Mohon tunggu...
Gobin Dd
Gobin Dd Mohon Tunggu... Buruh - Orang Biasa

Menulis adalah kesempatan untuk membagi pengalaman agar pengalaman itu tetap hidup.

Selanjutnya

Tutup

Sosbud Artikel Utama

Tidak Ada Budaya yang Lebih Superior Daripada Budaya Kita

30 Mei 2020   20:25 Diperbarui: 1 Juni 2020   10:48 2242
+
Laporkan Konten
Laporkan Akun
Kompasiana adalah platform blog. Konten ini menjadi tanggung jawab bloger dan tidak mewakili pandangan redaksi Kompas.
Lihat foto
Ilustrasi tentang budaya. Sumber foto: Pexel.com

Tulisan ini bermula dari sebuah pengamatan pada situasi beberapa tahun silam. Tepatnya, tahun 2012-13. Konteksnya, di salah satu pulau di Filipina.

Di pulau ini, ada masyarakat asli (indigenous people) yang masih hidup sampai sekarang. Masyarakat asli ini masih kuat memegang budaya asli mereka. Masih belum banyak terjamah dari pengaruh dari luar.

Sistem kehidupan mereka berbeda dengan yang tinggal di wilayah pesisir. Mereka tinggal di wilayah pegunungan. Beberapa komunitas di antaranya masih hidup nomaden. Pindah dari satu gunung ke gunung lainnya. Pakaian juga masih sangat tradisional.

Perlahan pemerintah, lembaga agama dan pelbagai lembaga sosial menjamah kehidupan masyarakat asli ini. Bukan untuk merusak atau menghilangkan kebudayaan mereka, tetapi memperkenalkan beberapa cara hidup baru. Misalnya, soal pentingnya kesehatan dan pendidikan.

Makanya, beberapa tahun terakhir, banyak anak-anak muda dari masyarakat asli ini mengenyam pendidikan hingga bangku kuliah. Bahkan di antaranya sudah menjadi profesional dan bekerja untuk masyarakat asli itu sendiri.
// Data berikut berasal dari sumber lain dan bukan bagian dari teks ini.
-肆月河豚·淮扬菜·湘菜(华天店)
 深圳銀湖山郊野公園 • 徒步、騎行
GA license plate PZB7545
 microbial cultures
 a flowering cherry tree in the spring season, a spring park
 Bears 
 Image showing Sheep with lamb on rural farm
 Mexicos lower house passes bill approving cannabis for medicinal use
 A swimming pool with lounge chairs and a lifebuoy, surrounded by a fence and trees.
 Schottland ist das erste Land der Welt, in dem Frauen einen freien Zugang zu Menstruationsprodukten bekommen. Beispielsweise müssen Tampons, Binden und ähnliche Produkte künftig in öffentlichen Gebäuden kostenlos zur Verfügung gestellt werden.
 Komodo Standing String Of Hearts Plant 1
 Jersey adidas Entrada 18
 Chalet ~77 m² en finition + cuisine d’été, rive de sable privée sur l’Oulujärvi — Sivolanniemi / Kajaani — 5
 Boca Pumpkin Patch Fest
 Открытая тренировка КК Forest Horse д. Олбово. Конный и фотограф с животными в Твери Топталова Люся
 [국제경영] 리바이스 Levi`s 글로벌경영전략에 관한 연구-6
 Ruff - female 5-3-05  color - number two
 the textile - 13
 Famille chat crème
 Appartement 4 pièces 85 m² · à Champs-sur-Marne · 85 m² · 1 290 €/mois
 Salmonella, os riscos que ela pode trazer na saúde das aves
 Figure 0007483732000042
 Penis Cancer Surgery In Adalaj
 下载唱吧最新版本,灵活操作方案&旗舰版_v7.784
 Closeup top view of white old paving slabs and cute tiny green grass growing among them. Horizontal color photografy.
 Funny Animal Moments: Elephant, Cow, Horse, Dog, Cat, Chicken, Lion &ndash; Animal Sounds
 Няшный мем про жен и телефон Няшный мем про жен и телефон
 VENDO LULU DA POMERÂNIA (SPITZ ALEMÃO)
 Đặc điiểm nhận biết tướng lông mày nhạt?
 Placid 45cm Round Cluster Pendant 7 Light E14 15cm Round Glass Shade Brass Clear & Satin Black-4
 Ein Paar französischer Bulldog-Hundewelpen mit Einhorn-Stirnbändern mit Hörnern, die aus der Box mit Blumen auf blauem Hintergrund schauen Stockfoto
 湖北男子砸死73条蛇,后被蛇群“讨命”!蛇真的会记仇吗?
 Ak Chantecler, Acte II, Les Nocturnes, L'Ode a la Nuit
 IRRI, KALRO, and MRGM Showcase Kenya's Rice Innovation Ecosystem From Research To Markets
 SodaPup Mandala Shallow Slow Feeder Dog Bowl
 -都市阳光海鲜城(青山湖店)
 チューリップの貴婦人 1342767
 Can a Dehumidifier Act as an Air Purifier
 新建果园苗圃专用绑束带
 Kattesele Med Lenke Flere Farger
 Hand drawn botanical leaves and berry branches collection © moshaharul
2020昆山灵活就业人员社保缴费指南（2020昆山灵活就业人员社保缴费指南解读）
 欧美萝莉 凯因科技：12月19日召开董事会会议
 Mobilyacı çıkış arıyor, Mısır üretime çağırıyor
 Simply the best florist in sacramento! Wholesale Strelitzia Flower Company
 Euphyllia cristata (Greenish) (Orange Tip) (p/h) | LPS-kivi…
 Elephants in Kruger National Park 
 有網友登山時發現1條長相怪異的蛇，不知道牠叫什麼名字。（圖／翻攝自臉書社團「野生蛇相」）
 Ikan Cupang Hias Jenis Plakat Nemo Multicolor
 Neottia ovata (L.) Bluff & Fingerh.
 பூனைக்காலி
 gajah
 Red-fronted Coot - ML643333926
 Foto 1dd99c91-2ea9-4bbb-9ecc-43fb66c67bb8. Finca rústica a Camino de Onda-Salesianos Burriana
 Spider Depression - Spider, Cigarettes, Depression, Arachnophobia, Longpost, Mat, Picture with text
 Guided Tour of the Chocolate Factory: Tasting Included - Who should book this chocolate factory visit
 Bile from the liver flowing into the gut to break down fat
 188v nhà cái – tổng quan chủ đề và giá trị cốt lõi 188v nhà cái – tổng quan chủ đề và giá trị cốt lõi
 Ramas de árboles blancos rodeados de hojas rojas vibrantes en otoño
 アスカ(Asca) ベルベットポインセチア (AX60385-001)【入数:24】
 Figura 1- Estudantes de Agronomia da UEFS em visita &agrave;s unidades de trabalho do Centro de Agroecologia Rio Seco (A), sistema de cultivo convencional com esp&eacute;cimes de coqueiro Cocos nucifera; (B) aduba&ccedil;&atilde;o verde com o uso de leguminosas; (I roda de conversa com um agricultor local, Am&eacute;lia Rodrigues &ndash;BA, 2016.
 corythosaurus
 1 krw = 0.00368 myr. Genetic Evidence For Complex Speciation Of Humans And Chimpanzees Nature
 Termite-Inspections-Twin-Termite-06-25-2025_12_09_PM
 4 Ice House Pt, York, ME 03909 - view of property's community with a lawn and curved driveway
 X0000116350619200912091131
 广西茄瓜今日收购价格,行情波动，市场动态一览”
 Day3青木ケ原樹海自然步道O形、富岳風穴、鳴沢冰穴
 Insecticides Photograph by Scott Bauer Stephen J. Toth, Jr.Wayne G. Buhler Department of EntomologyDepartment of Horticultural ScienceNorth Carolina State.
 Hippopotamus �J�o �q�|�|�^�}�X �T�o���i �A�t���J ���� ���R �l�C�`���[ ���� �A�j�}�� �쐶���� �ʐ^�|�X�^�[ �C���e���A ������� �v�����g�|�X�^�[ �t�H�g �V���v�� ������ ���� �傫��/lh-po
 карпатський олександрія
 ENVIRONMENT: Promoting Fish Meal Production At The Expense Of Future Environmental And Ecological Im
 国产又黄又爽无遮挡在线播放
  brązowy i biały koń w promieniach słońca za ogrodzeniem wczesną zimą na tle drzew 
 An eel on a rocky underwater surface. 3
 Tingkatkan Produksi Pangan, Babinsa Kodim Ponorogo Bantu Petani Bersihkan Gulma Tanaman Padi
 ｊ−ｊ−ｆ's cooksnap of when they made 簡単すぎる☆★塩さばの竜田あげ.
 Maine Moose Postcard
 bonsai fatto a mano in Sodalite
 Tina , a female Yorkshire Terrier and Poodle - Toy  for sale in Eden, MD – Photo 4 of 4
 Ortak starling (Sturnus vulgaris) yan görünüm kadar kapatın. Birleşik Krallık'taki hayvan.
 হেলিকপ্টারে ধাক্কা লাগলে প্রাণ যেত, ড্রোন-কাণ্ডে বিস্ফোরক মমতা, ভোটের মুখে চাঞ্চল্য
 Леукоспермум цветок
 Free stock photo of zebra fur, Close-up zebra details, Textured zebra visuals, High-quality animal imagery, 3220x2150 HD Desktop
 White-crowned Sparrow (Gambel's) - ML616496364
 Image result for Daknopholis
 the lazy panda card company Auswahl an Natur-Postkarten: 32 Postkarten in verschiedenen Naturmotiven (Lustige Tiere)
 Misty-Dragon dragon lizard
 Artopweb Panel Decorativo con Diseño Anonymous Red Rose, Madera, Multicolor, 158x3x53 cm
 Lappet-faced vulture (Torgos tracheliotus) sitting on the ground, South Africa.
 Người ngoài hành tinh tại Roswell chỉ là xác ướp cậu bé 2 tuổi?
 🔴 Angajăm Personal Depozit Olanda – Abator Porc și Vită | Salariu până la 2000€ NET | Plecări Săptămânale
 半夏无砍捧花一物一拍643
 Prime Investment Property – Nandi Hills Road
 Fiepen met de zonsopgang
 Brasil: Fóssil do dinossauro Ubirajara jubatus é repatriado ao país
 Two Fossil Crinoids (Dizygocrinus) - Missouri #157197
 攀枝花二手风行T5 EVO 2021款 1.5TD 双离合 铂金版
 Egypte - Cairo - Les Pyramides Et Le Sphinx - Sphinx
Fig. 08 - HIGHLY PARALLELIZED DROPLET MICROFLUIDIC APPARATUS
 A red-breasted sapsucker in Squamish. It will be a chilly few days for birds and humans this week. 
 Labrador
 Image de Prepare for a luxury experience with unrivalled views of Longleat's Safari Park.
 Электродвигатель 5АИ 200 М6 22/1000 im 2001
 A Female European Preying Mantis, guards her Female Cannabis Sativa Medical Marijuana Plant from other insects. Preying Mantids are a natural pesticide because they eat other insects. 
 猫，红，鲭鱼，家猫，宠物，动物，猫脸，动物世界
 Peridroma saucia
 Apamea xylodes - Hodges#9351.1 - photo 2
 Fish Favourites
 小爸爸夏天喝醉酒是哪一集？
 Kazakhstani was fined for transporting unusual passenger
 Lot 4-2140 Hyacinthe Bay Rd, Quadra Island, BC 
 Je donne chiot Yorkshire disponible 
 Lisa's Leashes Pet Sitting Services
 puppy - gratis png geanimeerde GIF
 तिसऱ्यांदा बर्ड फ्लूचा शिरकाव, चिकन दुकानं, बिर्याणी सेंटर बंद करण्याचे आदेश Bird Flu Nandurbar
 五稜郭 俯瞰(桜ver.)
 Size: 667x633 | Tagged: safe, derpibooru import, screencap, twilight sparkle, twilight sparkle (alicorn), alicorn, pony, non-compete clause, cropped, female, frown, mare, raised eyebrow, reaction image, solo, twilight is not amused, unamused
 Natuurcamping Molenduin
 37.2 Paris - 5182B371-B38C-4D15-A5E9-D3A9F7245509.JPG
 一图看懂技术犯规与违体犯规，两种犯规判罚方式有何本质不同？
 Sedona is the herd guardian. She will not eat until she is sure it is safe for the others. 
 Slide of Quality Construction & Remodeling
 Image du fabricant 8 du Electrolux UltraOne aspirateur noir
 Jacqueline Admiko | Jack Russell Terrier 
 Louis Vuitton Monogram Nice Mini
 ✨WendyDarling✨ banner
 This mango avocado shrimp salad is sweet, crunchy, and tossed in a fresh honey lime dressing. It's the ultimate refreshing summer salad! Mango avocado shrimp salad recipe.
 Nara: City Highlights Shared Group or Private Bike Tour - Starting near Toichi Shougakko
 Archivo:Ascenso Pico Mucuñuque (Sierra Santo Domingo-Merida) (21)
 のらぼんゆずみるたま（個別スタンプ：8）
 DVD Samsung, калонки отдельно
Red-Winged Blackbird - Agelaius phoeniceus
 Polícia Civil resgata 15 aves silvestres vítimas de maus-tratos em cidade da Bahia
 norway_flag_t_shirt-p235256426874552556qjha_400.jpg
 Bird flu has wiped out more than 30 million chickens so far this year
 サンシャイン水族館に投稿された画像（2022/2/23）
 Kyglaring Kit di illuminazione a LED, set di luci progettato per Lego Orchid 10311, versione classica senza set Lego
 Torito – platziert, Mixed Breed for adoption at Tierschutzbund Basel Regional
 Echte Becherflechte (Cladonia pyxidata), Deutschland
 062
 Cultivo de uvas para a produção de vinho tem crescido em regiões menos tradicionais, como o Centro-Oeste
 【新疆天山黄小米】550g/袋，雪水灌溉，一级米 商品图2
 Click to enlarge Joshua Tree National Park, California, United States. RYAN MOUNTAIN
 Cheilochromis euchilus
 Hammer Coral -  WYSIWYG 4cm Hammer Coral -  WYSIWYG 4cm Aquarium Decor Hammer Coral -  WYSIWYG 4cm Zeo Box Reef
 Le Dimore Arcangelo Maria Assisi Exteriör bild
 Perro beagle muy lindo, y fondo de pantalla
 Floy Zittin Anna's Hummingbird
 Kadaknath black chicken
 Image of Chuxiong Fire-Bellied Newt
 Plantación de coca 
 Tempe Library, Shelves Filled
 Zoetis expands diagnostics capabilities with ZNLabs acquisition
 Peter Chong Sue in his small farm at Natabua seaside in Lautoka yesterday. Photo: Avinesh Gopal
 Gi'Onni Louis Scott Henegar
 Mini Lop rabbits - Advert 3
Kehidupan nomaden pun perlahan mulai ditinggalkan. Mereka didorong untuk tinggal dalam satu tempat. Karenanya, pemerintah juga berupaya untuk membangun sistem pemerintahan seturut sistem yang berlaku secara umum.

Misalnya, mereka mulai mempunyai aparat desa. Walau demikian, mereka tetap mempunyai struktur kepemimpinan secara adat.

Agar tidak menimbulkan bentrokan kepemimpinan, biasanya yang dituakan atau tua adat dipilih menjadi kepala desa. Jadinya, dia menjabat sebagai kepala pemerintahan desa dan kepala adat. Tidak jarang, persoalan yang terjadi di tengah masyarakat diselesaikan dengan menempuh cara adat.

Selama hampir setahun tinggal di pulau ini, saya mengamati stigma tertentu yang dilekatkan pada masyarakat asli ini. Sangat kuat dan cukup disayangkan.

Stigma itu muncul dari masyarakat yang tinggal di wilayah pesisir. Apalagi, pembangunan hanya terkosentrasi di wilayah-wilayah pesisir. Wilayah pegunungan kurang terjamah.

Stigma itu bertolak dari penampilan fisik mereka. Contohnya, stigma malas mandi, kotor, bau, kolot dan terbelakang.

Saat menyebut masyarakat asli ini, pikiran beberapa orang selalu tertuju pada stigma tersebut. Bahkan saat ada orang yang berpenampilan kotor, bau, malas mandi, walau bukan berasal dari masyarakat asli ini, mereka juga langsung mengasosiasikan dengan masyarakat asli ini.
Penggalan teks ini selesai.